# Sprial Wrap Wading Rod??



## POCLANCE (Apr 5, 2006)

Talking to a couple of guys about making me a wading rod. Both are trying to convince me to do a spiral wrap. Please give me some pros and cons on a spiral verse a traditional wrap.

THX!!


----------



## katjim00 (Jan 8, 2009)

I built a couple waders for a buddy's sons and he wanted them spiral. Have not used them yet but they will soon. I built a 7 footer for me for bass fishing and it works fine. Just got done doing a spiral for a guy on a 6 foot white bass rod. Turned out pretty nice.

The concept is it takes away the torque and twist common with a traditional on top casting setup. I can see the theory working and I will agree with it. Will it cast farther......well kind of like your favorite lure. If you think it works better then it does for you. Is it better who really knows. I personally like the concept.

I had a blank that would twist really bad.....like turn 90 degrees from TDC. Switched the guides to a spiral and issue went away, well not went away but stopped the twist I was getting. This was a production blank from Kistler.

If you want to do it then have it built that way. If you would prefer traditional casting setup do it that way. I like them both. The only drawback on spiral to me is I bass fish and my rods are always in the rod locker. Guides going every which way make me be a little more cautious when stowing them and pulling them out.

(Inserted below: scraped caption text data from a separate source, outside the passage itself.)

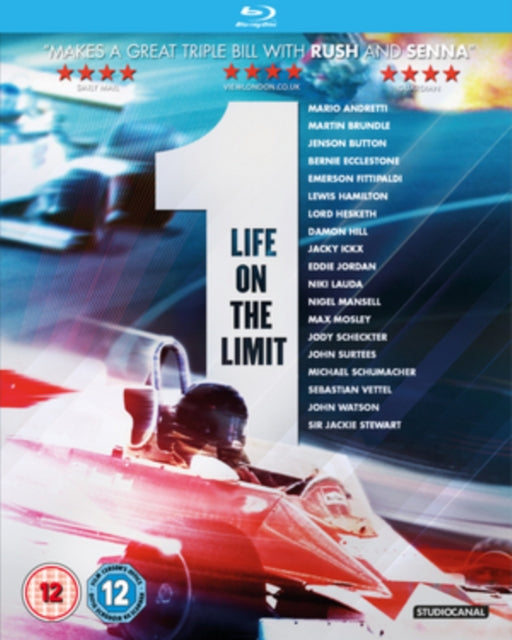 1 Life On The Limit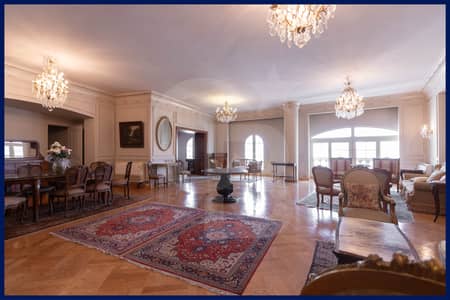 5 Bedroom Apartment for Sale in Smoha, Alexandria - 1. jpg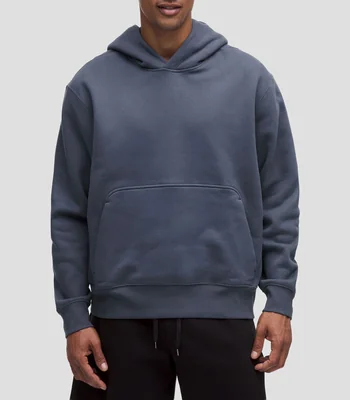 Sudadera Deportiva con Capucha Steady State, Hombre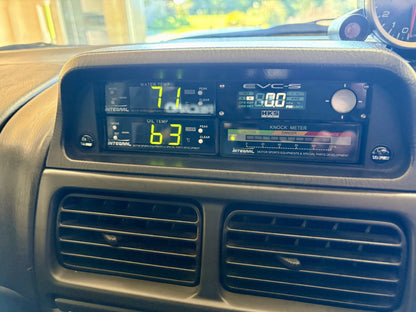 1998 Subaru Impreza WRX STI
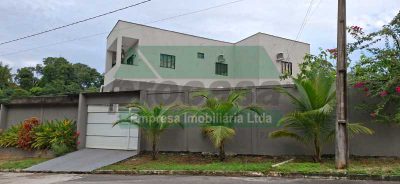 Casa, 3 quartos, 259 m² - Foto 2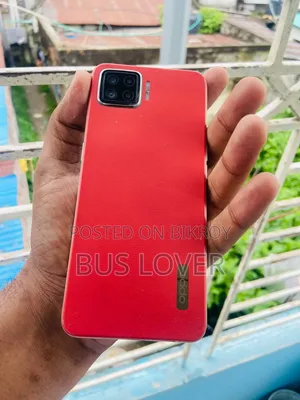 Oppo F17 ১২৮ জিবি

Not a big deal.


----------



## Totally Tuna (Apr 13, 2006)

Personally I don't see it being as big a deal while fighting a fish on an inshore rod, but when you are talking about offshore rods the tendency for the rod to want to roll over on you is obvious. That being said some benefits translate into an inshore rod and there is no downside in my view. 

You can space the guides out a little further apart as the line will not come in contact with the blank. On a 7' rod I use 1-2 less guides because of this. This saves weight and less weight will always be more sensitive. To me this is the biggest factor. Fewer guides should also add a little in casting distance since there will be less resistance of line contacting one less guide. By the second or third cast you won't even notice the guides are on the bottom of the rod. 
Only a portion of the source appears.